§ RECORDS FOR THE EXERCISE
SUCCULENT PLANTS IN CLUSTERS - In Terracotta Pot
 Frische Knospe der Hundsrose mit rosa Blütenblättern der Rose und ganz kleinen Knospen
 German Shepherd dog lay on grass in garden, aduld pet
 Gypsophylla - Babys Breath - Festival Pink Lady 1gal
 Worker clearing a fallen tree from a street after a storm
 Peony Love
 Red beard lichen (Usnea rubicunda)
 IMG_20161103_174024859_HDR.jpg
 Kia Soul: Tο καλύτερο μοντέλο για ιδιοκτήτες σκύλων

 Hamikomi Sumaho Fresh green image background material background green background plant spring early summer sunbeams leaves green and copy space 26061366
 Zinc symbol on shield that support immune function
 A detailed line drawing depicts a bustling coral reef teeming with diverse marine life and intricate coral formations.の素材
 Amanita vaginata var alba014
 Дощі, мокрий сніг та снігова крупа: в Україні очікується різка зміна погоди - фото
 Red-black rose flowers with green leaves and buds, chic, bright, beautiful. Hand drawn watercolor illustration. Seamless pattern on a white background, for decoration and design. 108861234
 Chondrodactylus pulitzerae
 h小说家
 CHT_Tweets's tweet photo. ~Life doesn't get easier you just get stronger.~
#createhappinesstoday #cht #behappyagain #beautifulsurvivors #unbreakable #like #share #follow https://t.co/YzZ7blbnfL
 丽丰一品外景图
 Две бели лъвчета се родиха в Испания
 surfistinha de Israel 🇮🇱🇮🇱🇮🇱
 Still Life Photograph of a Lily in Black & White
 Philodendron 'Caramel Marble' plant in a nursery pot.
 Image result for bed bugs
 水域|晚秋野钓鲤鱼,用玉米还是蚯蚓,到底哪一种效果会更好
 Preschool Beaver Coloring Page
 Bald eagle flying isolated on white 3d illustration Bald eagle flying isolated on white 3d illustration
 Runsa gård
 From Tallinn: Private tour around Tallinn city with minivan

§ ACTIVITY
Please report every line of the listing that contains the string "green".

§ ANSWER SECTION
 Hamikomi Sumaho Fresh green image background material background green background plant spring early summer sunbeams leaves green and copy space 26061366
 Red-black rose flowers with green leaves and buds, chic, bright, beautiful. Hand drawn watercolor illustration. Seamless pattern on a white background, for decoration and design. 108861234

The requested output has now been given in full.